The Empiricist Strikes Back
The Washington Post had a story yesterday about the Department of Education's look at how student loan servicers deal with the Servicemembers Civil Relief Act and its protection to members of the Armed Forces. Senator Elizabeth Warren is drawing on her years of empirical research to question the methodology and the resulting conclusions of the study. (In a warning strike for the Empiricist, Senator Warren and some colleagues asked just why it was taking a large government agency well over a year to conduct a study--a credible claim from someone who conducted several large empirical studies, largely with the help of a few research assistants.)

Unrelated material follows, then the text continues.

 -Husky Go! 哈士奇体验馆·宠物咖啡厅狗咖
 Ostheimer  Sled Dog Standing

As a professor, Warren conducted several large empirical studies, each gathering hundreds of variables on a sample of more than 1,000 families in bankruptcy. She is miffed that the Department of Education only conducted a detailed review of 55 cases (out of a universe of 20,000). A prior DOJ investigation concluded that 60,000 servicemembers paid too much interest on their student loans, resulting in a $97 million settlement with Sallie Mae and its former subsidiary Navient. Yet, the Department of Education apparently uses a very different legal standard for determining compliance with Servicemembers Civil Relief Act than the Department of Justice. Not surprisingly, with a tiny sample and a narrow analysis, the Department of Education concluded all was well and good.

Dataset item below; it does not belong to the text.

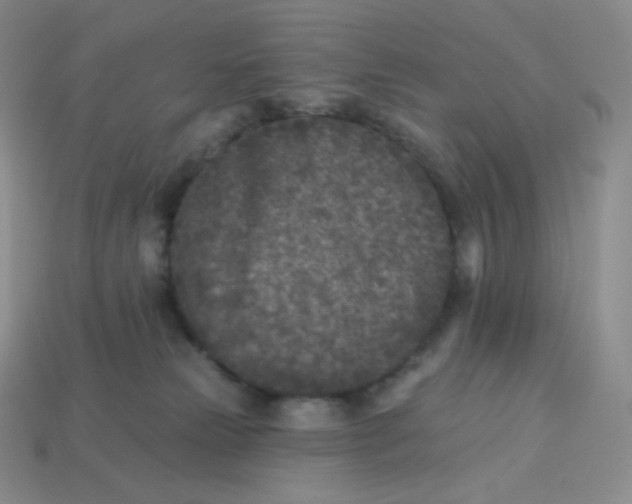 X0000113920181200910151448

But as Senator Warren well understands as an empirical researcher, what you find depends on where your look--and if you have your eyes open! Her staff report details other concerns in a report , which reads more like something you'd find on SSRN or in a social science journal than the typical sound-bites of Washington press releases. Senator Warren had to defend her research methodology and findings, and she always rose to the occasion. Having an Empiricist in Congress means you can expect someone reading your report, not accepting the conclusions. Senator Warren is bringing her research acumen to the government's work--where like in the scholarly world, there are not-so-good studies and good studies. Our servicemembers deserve a hard look at whether their legal rights are being protected, while they are protecting our rights.
The problem with an empirical argument is that in order to win, your opponent must be operating in a fact-based universe. Neither the Disloyal Opposition nor a significant number of agencies are.